Gérard Leclerc : C’est surtout les 35% qui jugent qu’il est difficile d’être catholique qui m’interpellent. C’est un milieu aujourd’hui où il faut se battre, les gens ne comprennent pas grand-chose à la religion, la tournent en dérision. Les jeunes catholiques rament notamment au sein de milieu intellectuels. Il existe une culture très hostile. On le voit avec la démission du pape, on fait venir des gens pour réagir, ils règlent leurs compte avec la religion, servent des discours idéologiques. Il existe un vrai ressentiment. Maintenant, les catholiques qui appartiennent à une communauté paroissiale sont soutenus par la vie communautaire. C’est très fraternel, les gens sont là les uns pour les autres, il y a des œuvres caritatives et l’intégration se fait bien.
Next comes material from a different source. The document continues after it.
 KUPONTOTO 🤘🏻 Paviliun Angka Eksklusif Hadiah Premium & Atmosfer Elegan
Olivier Bobineau : Les grands cadres catholiques me parlent sans cesse de la "cathophobie" alors que cette enquête montre que les catholiques pratiquants (ou pas d’ailleurs) ne ressentent pas un rejet de l’opinion publique française. On me parle de chasse aux sorcières ici ou ailleurs mais quand on interroge les gens, on constate qu’il n’y a rien ou pas grand-chose.

Des catholiques pratiquants en demande d'un aggiornamento de l'Eglise sur différents sujets (cliquer sur le graphique pour agrandir)
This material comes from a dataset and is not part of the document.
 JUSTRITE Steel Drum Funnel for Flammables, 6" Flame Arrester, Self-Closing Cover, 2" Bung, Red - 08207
Gérard Leclerc : Les pratiquants sont pris dans les grands débats de société d’aujourd’hui et sur ces questions, le discours l’Eglise est mal reçu et moqué. Les catholiques sont forcément influencés par le discours et la culture dominante. Sur la contraception, l’Eglise a des positions mal comprises : l’Eglise n’est pas pour un non-contrôle des naissances mais pense que certaines cultures contraceptives sont hostiles à la vie. Il y a un vrai suicide démographique de l’Europe. Les gens veulent faire penser que l’Eglise est has been mais les choses sont beaucoup plus complexes que ça et je pense que ces chiffres sont des écrans de fumée qui empêchent de comprendre la profondeur des problèmes posés.

Olivier Bobineau : On remarque une tendance très nette et typique : le repli identitaire. On remarque que 48% des catholiques ne souhaitent pas voir l’église évoluer sur le mariage homosexuel. Ils sont en décalage complet avec le reste de la population française.

Le jugement des pratiquants sur la défense des valeurs du catholicisme par le pape (cliquer sur le graphique pour agrandir)

Gérard Leclerc : Il y a eu plusieurs polémiques sur le préservatif notamment et un pilonnage dans les médias auquel l’opinion a été très sensible et cela a de l’influence sur les statistiques. Mais ça n’a été que saisonnier. Quand Benoît XVI a été en Angleterre, il y a eu une campagne de presse invraisemblable contre lui, toute la presse s’est déchainée. A la fin de son voyage, le ton de la presse avait changé. Les Anglais ne voulaient plus lâcher le pape, il les avaient séduits. Les médias ont une influence sur l’opinion. Sous Jean-Paul II, il y a eu des phénomènes de même type avec des campagnes de presse assassines et quand il est mort, les médias faisaient l’unanimité sur sa grandeur et se sont invraisemblablement inclinés.

Olivier Bobineau : En 2008, Benoît XVI va prendre position par rapport aux Roms et tous les catholiques vont le suivre. La valeur principale c’était le rejet du pauvre homme. Du pain béni pour Benoît XVI ! En 2009-2010, il a défendu des choses moins consensuelles que le rejet des Roms (dont les crimes des prêtres pédophiles). Ajoutez à cela l’affaire du majordome qui révèle les problèmes et les scandales financiers du Vatican et on comprend mieux ces chiffres ! 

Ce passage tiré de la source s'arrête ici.